This assignment should be turned in for evaluation. To turn in the assignment, you will use the turnin command:
turnin -c 010 hangman.c
You may turn in the same file more than once. This will overwrite the earlier version. You may want to do this if you discover a mistake or make an improvement after turning in your assignment.
Write a C program to play Hangman. Your program should randomly select one of no fewer than 10 possible words to be guessed and play an interactive game of hangman. It should have at least the same features as my version, which you can run at /shared/terescoj/shared/cs010/hangman.
Be sure to comment your program well and be careful how you use your pointers. Use fixed-size character arrays to hold words only when you don't know how large the word is - all other times you should allocate the correct amount of memory using malloc(). Be sure to free all the memory that you allocate before exiting the program. Call the program hangman.c when you turn it in.
You should definitely use gdb and/or ddd to help in the debugging process. You should also start early, since this project is just large enough to be a bit tricky.
The following functions will be helpful to you, and I recommend using them:
void ignore_junk() { while (getchar()!='\n'); } void randomize() { struct timeval tm; gettimeofday(&tm, 0); srand(tm.tv_sec); }The ignore_junk() function will read any extra input (such as newline characters) after you read in guesses. I recommend calling it after each scanf() or getchar() call you may use.
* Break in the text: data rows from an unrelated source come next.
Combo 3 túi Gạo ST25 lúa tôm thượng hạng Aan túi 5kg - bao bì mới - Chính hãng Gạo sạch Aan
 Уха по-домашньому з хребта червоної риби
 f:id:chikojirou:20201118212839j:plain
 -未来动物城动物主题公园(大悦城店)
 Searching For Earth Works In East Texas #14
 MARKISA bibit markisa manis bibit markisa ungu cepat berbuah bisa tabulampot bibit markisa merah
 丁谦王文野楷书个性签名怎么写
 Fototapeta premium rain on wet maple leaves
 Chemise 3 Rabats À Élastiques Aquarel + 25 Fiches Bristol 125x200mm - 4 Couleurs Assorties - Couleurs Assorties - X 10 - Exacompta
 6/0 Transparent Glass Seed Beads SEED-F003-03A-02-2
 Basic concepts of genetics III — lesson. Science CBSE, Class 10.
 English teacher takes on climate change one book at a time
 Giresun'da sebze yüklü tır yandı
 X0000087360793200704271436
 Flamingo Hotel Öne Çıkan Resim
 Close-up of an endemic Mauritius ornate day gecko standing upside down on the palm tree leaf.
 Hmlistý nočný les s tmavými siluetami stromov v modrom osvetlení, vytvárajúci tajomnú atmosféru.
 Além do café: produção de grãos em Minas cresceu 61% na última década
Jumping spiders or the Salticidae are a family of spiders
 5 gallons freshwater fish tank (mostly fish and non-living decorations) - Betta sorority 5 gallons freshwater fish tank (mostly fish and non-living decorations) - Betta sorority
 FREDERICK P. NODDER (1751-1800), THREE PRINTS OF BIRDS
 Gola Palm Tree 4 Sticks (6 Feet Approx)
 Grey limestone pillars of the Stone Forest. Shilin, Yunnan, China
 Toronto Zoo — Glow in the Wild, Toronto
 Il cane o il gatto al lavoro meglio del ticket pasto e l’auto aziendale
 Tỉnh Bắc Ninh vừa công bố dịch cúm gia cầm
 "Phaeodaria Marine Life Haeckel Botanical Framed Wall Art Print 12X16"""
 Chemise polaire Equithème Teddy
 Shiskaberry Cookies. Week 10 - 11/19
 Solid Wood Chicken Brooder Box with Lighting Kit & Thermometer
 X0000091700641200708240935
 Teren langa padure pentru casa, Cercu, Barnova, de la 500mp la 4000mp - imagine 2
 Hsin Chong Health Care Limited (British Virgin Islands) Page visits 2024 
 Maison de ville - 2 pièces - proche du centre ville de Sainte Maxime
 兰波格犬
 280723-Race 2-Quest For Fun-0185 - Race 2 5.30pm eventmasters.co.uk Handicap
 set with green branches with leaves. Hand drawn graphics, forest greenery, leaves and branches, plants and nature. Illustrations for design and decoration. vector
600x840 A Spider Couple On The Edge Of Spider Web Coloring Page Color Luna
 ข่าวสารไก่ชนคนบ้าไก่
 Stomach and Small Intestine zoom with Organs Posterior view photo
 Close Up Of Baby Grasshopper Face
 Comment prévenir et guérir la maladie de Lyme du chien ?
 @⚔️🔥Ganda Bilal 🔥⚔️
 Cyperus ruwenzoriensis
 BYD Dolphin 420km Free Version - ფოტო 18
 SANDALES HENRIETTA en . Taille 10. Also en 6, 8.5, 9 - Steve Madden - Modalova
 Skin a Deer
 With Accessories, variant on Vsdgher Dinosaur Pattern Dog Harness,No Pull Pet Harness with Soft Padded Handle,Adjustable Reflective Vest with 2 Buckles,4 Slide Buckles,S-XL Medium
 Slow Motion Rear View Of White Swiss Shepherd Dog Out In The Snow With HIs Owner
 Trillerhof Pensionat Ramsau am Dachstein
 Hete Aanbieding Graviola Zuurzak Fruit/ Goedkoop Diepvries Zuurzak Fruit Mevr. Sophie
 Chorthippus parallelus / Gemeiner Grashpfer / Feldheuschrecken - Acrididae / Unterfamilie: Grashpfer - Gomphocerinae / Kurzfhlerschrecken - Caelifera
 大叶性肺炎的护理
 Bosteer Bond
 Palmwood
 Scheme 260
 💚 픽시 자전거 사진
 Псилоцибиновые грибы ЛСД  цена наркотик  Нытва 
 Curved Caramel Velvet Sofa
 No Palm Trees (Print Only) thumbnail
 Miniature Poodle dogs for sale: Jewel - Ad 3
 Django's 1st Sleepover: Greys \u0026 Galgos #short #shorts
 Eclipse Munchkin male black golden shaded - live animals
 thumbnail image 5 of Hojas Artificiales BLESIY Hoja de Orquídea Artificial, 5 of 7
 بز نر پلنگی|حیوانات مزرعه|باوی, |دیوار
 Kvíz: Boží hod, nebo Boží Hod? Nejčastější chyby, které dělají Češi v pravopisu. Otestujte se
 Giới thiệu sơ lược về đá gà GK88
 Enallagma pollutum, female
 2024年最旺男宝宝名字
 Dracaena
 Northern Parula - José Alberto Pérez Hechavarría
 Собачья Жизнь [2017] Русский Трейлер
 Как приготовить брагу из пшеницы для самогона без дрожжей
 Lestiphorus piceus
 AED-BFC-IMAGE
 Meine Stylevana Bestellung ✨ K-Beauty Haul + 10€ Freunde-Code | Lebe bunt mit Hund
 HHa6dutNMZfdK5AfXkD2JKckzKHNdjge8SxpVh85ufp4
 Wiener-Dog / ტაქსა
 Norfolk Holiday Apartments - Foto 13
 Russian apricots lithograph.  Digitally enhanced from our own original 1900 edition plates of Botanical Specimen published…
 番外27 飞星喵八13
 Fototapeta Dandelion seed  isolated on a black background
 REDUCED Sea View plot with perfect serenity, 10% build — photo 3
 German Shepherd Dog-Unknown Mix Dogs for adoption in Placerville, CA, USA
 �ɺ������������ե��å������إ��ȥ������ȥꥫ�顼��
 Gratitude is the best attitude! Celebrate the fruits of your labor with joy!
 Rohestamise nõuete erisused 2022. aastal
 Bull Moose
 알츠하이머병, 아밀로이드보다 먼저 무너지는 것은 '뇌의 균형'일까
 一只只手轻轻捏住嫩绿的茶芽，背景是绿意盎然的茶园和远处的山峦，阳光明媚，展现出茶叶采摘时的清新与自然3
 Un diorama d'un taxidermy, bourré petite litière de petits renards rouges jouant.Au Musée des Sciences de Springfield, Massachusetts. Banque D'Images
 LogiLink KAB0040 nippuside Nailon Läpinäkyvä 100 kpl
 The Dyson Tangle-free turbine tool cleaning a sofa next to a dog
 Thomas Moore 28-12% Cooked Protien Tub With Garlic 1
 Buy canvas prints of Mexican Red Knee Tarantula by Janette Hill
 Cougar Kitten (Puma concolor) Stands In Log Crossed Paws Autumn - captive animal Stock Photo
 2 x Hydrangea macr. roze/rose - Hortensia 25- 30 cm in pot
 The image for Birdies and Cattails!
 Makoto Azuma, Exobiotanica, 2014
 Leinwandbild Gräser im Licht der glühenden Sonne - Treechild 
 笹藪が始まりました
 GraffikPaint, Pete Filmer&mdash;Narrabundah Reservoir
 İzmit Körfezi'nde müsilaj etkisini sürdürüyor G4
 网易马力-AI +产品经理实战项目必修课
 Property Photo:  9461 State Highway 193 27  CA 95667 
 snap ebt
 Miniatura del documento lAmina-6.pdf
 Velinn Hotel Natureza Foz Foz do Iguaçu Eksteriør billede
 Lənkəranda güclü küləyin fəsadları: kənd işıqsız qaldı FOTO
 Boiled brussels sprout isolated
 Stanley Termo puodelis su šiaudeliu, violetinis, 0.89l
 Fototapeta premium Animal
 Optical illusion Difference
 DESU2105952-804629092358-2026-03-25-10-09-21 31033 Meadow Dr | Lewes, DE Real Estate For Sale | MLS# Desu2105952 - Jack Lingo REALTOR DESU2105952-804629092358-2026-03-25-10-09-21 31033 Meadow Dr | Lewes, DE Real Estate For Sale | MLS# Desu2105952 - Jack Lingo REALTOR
You can use the randomize() function to initialize the C random number generator. Call it at the beginning of your main program. After that, you can use the C library function rand() to get a random integer between 0 and the constant RAND_MAX. You can use this to get a random number in any range. Use man pages to find out what header files you'll need to include for the prototypes for the gettimeofday() function used in randomize and the srand() and rand() functions.